If you have read The Artist's Way, you know the deal. Three pages, longhand, first thing, before the day has a chance to start arguing with you. Not writing, exactly. More like sweeping out the front room of your head so there is space to think. The one rule everyone remembers: the pages come before everything else.
And you know how it actually goes. You sit down with your coffee, you open the notebook or the iPad, and you tell yourself you will just check one thing first. Forty minutes later the page is still blank, your head is now full instead of clear, and the part of the morning that was supposed to be yours belongs to a feed.
Where Tonic actually started
Tonic exists because of this exact problem, before any other. The person who built it read The Artist's Way, wanted to do morning pages on an iPad in Goodnotes, and kept opening Instagram instead. Every morning, the same small defeat. So the very first thing Tonic ever did, before it was a real app with a name, was put the journal in front of the feed: no pages yet, no scrolling yet. Everything else this app does grew out of that one stubborn morning habit.
The pages were always supposed to come first. The phone just kept cutting the line.
Why "before the phone" keeps losing
The instruction is not wrong. Pages first is the whole point, because once the day's noise gets in, the honest stuff stops coming. The trouble is that the phone is already in your hand when you wake up, the journal is a deliberate reach, and willpower at 6am is the thinnest it will be all day. "I have nothing to write" and "I will do them after I just look at this" are the same excuse wearing two coats. A blank page cannot compete with an infinite one. Not on willpower alone.
How Tonic makes the pages the key
So you stop relying on the 6am version of yourself. You pick the apps that hijack your morning, say Instagram and your inbox, and the journal that earns them back. From then on the feed stays shut until the pages are done.

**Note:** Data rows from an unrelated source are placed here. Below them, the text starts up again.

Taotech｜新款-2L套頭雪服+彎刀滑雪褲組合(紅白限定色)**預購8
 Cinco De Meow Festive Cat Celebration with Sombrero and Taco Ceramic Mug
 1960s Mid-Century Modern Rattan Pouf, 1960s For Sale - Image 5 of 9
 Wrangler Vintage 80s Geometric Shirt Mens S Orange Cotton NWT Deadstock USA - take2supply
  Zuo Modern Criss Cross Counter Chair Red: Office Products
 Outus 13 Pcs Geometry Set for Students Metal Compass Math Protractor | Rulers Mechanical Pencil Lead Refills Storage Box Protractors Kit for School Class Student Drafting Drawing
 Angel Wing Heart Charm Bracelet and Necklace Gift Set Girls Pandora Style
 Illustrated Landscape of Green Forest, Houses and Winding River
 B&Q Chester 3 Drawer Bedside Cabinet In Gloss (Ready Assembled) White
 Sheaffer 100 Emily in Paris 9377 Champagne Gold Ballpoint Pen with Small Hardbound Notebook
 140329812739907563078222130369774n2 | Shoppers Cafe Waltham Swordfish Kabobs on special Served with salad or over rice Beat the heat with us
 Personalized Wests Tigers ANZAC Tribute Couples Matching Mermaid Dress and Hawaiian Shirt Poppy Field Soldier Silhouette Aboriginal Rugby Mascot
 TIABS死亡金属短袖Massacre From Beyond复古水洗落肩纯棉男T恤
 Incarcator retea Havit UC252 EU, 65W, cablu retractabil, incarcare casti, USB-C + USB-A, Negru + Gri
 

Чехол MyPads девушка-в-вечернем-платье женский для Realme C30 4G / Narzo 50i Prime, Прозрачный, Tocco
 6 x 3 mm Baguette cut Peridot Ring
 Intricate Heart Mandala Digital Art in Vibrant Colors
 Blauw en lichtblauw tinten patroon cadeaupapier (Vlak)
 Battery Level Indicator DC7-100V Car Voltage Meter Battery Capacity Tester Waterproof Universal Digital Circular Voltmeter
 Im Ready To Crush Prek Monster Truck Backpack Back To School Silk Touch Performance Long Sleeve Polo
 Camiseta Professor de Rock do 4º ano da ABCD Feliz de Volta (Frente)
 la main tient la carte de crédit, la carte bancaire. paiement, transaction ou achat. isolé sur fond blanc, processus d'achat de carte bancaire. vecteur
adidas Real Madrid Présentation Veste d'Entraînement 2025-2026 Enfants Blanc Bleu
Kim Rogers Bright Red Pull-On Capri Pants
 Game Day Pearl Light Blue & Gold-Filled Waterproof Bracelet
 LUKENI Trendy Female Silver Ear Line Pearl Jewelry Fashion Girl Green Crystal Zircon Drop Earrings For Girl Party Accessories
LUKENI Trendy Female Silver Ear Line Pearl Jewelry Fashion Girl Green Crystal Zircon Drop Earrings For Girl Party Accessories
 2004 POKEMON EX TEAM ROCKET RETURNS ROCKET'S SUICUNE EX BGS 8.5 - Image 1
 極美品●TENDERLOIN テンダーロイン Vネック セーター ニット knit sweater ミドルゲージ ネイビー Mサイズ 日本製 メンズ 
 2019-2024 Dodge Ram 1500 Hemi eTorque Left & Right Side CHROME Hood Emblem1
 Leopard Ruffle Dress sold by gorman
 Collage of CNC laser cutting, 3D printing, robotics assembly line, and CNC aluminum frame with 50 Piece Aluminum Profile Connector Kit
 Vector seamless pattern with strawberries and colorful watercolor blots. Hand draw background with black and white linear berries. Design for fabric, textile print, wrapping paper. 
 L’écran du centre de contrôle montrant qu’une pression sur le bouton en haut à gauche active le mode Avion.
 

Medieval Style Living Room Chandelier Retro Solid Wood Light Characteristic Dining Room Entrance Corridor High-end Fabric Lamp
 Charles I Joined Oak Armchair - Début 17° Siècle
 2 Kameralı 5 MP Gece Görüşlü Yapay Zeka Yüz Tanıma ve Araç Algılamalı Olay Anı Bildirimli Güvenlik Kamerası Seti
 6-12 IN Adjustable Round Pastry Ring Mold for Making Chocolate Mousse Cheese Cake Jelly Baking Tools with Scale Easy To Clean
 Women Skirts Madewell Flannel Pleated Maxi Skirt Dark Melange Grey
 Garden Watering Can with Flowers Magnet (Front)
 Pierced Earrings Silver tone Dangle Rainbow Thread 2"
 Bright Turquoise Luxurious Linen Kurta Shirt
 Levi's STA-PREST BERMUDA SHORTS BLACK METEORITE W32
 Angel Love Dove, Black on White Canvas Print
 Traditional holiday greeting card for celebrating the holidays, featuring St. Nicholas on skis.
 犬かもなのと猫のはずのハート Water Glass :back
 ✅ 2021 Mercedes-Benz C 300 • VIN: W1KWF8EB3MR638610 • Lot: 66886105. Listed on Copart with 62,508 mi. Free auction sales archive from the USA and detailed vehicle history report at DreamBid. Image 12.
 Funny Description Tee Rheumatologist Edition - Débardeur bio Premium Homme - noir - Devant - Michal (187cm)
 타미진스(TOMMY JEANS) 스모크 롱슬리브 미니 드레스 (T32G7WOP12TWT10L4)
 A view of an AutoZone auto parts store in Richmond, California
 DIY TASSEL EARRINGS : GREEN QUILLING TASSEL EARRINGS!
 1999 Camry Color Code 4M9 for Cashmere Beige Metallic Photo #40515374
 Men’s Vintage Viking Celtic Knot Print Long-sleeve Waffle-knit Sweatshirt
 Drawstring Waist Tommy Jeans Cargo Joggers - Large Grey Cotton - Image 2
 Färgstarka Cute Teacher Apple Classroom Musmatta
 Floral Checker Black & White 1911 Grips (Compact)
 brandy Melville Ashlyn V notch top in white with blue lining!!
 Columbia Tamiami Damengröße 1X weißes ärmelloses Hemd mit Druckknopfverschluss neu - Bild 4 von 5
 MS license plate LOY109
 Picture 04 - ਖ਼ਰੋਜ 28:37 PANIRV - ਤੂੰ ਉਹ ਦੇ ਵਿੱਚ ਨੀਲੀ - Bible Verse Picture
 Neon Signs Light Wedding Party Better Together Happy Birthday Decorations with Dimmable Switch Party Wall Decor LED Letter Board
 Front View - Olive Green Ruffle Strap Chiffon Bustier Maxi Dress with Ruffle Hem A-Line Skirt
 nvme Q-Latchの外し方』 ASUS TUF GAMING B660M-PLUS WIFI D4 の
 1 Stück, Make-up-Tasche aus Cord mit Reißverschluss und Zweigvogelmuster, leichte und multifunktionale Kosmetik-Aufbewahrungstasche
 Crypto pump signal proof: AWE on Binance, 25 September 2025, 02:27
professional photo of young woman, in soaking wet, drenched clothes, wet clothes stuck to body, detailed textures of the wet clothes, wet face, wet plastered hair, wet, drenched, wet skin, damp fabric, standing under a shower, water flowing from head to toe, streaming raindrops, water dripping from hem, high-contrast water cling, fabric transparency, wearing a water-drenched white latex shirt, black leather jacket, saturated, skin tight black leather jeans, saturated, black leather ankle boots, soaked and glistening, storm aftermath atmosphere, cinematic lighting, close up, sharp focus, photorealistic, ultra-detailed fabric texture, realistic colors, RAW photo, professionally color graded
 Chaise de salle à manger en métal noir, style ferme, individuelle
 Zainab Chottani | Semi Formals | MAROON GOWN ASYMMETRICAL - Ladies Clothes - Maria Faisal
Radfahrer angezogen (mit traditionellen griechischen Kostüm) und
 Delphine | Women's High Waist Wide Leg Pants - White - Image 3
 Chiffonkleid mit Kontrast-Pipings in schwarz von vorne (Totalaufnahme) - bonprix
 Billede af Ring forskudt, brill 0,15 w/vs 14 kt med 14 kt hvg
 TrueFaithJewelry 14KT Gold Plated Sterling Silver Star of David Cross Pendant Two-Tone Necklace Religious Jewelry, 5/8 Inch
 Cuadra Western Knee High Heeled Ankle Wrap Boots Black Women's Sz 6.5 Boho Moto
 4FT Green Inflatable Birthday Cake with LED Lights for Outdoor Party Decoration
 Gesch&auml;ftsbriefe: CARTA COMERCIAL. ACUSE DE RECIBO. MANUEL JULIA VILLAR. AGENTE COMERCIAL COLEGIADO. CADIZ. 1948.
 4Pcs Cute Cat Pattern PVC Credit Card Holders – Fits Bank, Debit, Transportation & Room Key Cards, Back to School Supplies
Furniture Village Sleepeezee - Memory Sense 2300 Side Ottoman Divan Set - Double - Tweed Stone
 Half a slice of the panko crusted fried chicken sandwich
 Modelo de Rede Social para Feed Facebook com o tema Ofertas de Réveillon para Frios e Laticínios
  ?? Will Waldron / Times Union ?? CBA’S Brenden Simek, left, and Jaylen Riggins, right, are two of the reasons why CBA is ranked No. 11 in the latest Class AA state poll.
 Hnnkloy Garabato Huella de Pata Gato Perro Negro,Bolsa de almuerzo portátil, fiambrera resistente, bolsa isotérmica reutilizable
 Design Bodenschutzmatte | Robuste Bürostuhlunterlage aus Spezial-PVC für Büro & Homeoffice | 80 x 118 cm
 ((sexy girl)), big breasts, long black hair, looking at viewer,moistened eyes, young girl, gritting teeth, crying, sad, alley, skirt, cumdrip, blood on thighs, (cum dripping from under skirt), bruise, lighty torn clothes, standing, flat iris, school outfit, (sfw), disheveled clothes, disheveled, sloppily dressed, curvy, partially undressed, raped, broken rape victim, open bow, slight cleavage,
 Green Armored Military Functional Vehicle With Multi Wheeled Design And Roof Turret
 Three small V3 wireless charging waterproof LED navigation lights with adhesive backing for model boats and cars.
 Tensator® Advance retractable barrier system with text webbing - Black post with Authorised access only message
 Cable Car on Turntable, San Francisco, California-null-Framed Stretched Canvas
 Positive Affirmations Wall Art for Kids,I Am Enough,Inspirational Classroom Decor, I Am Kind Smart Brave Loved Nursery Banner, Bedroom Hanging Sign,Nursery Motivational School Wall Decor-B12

Write in Goodnotes, Day One, or whatever you journal in, and Tonic counts the on-screen time you spend there, the same way your phone already knows how long you spend in any app, then opens the rest once you have put your time in. You can require the pages every morning before anything unlocks, or set a gentler pause that just makes the journal the easier reach. Either way, the order finally matches the intention: pages, then phone.